#### [What to do]
Set the images aside and retype the whole listing exactly.

#### [The records]
'''
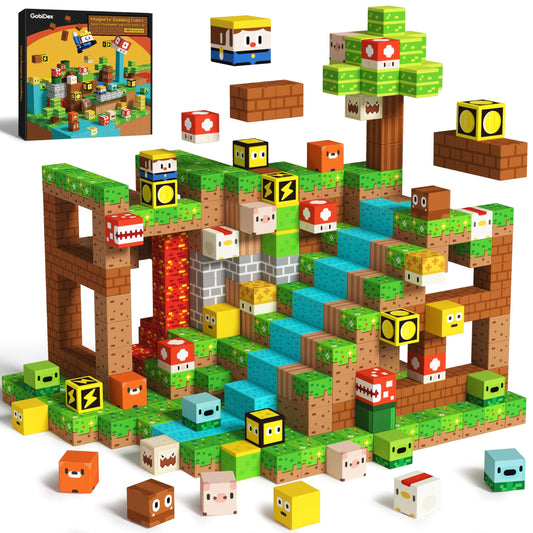 100 PCS Magnetic Building Blocks Kids Toys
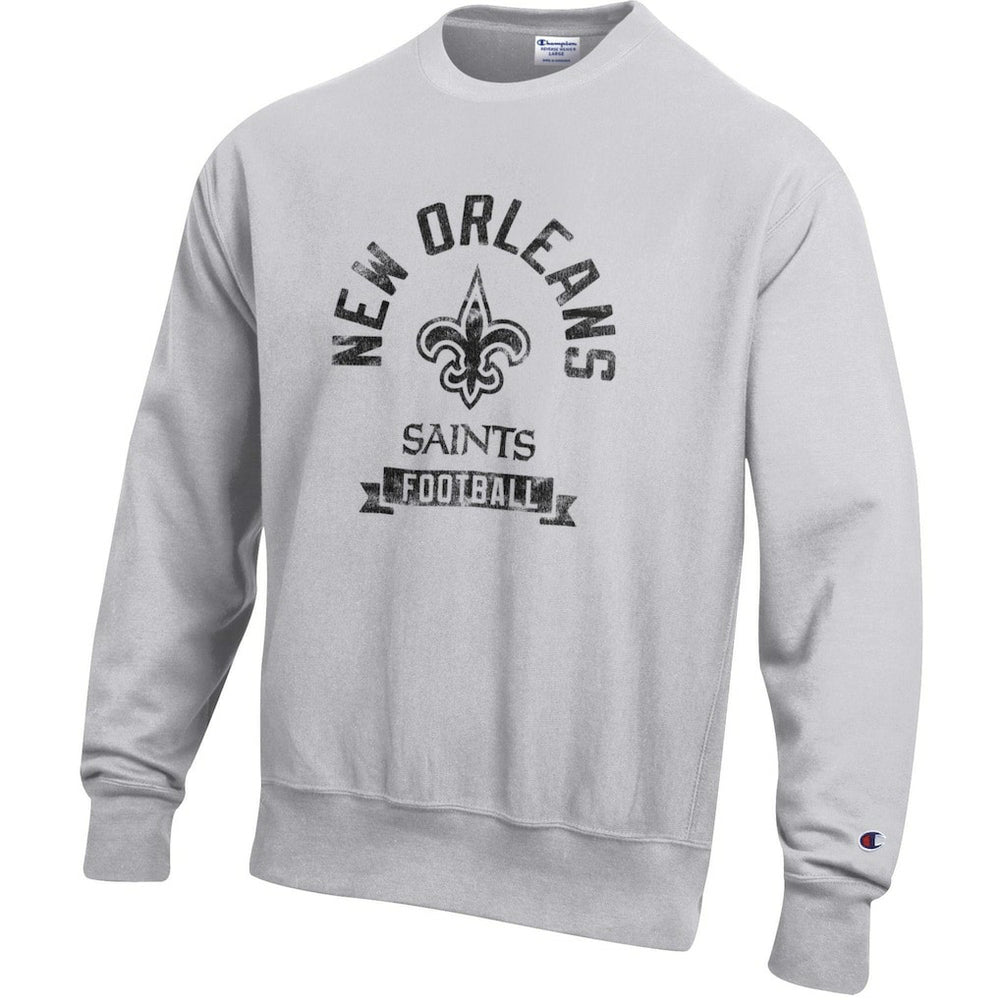 New Orleans Saints Champion Reverse Weave Fleece Pullover Sweatshirt - Heather Gray online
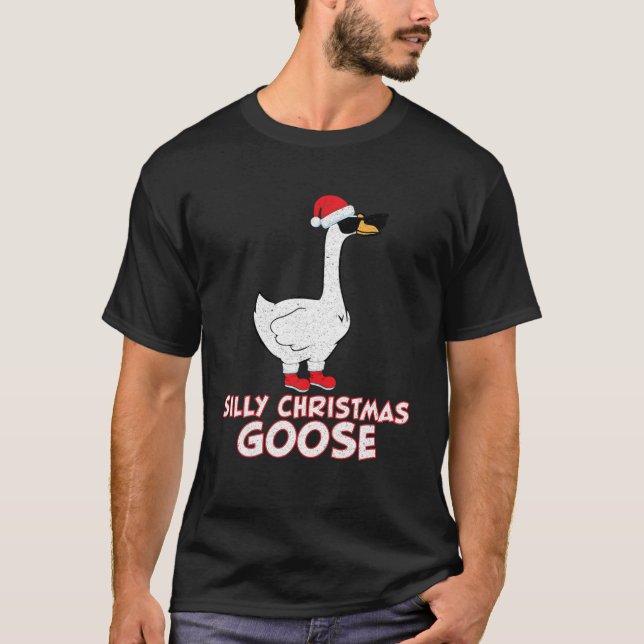 Silly Goose Cool Christmas T-Shirt (Front)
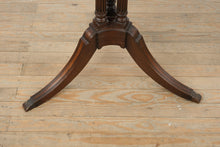 Load image into Gallery viewer, Triple-Pillared Mahogany Pedestals – Pair (24" x 8") – Online Exclusive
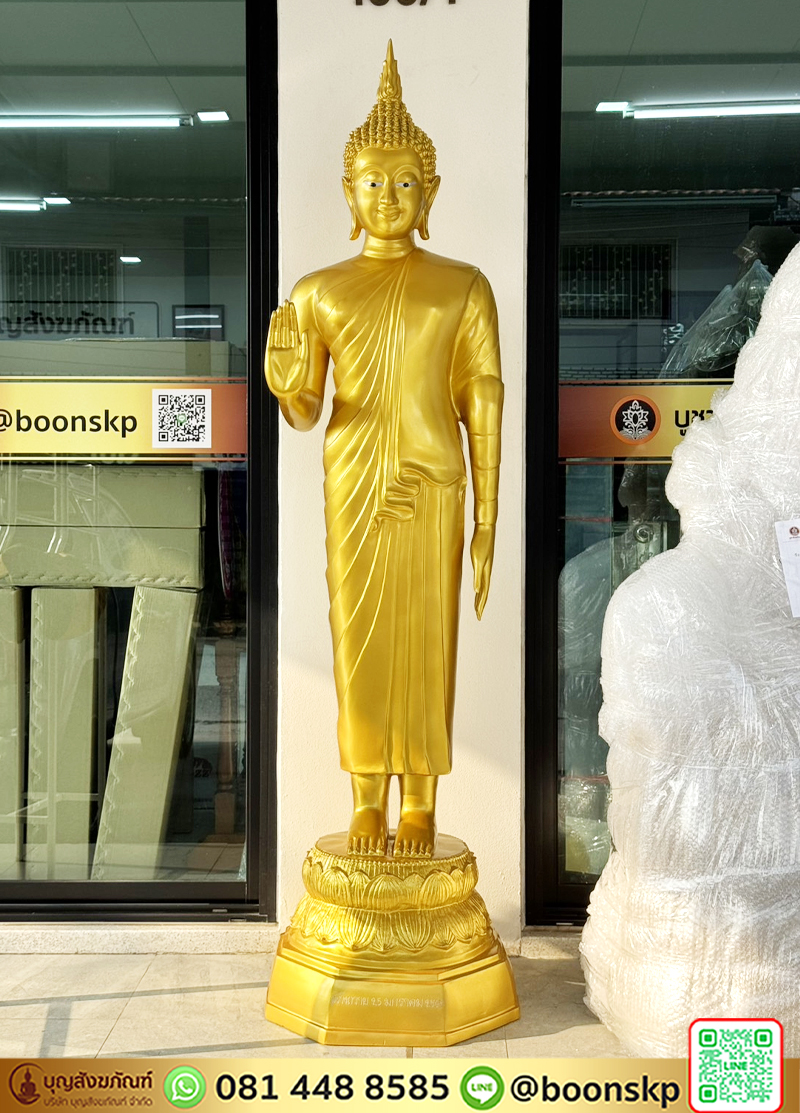 โรงหล่อพระ-พระประจำวัน-พระประจำวันจันทร์ เนื้อทองเหลือง พ่นทอง ขนาด 30 นิ้ว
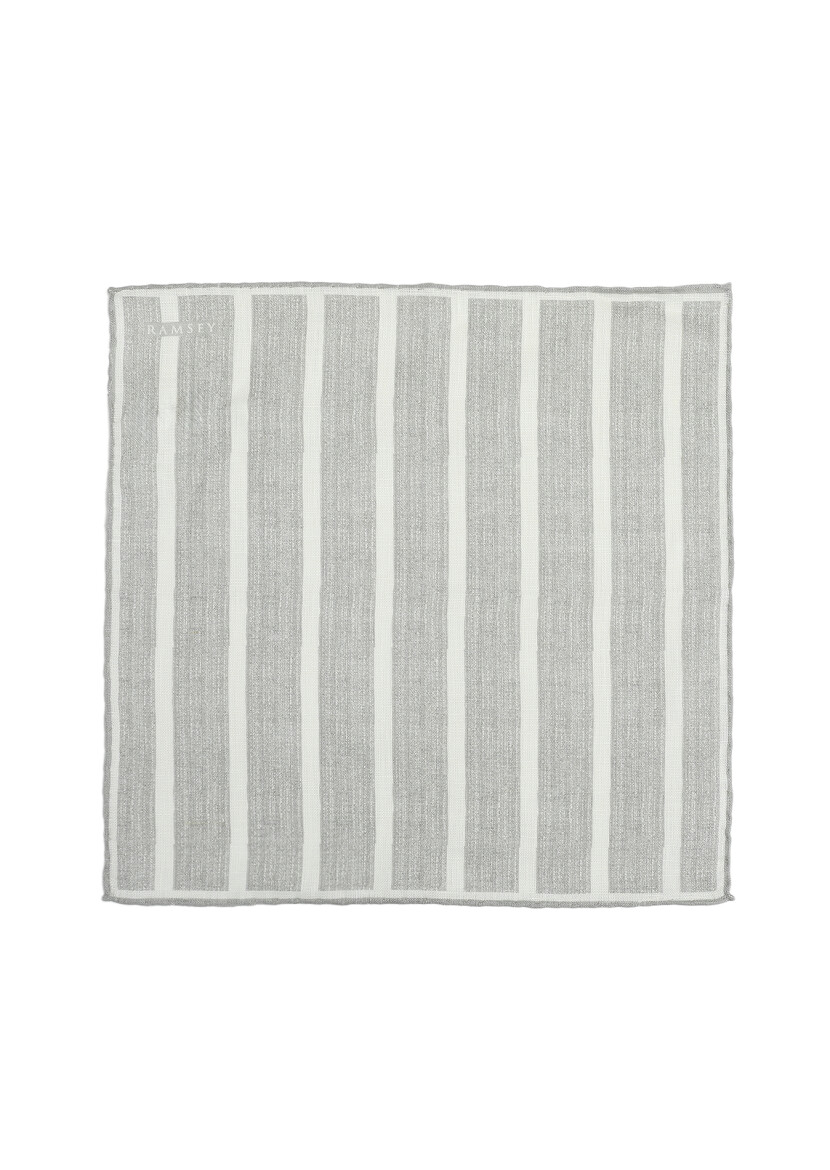 Light Grey %100 Keten Handkerchief 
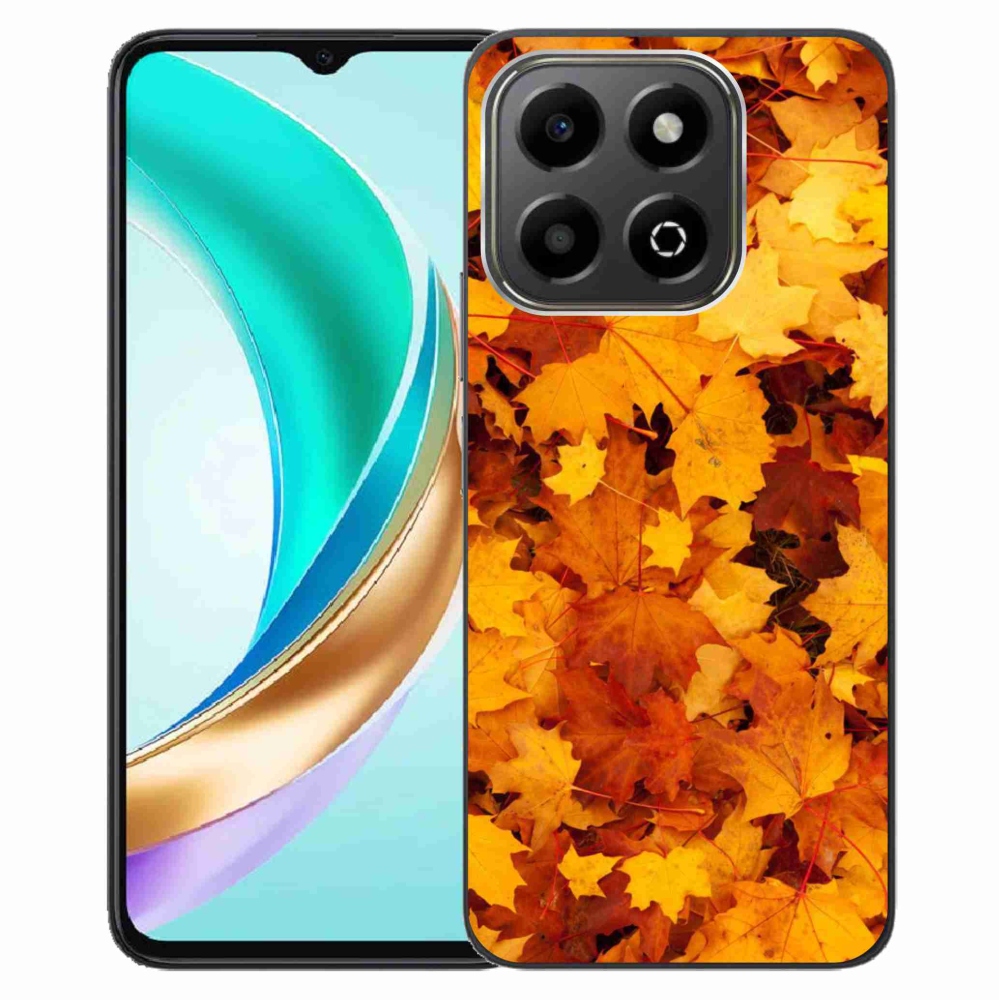 Zselés borítás mmCase a Honor X6b készülékhez - juharlevelek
'''
#### [Solution to the exercise]
 100 PCS Magnetic Building Blocks Kids Toys
 New Orleans Saints Champion Reverse Weave Fleece Pullover Sweatshirt - Heather Gray online
 Silly Goose Cool Christmas T-Shirt (Front)
 Load image into Gallery viewer, Triple-Pillared Mahogany Pedestals – Pair (24" x 8") – Online Exclusive
 โรงหล่อพระ-พระประจำวัน-พระประจำวันจันทร์ เนื้อทองเหลือง พ่นทอง ขนาด 30 นิ้ว
 Light Grey %100 Keten Handkerchief 
 Zselés borítás mmCase a Honor X6b készülékhez - juharlevelek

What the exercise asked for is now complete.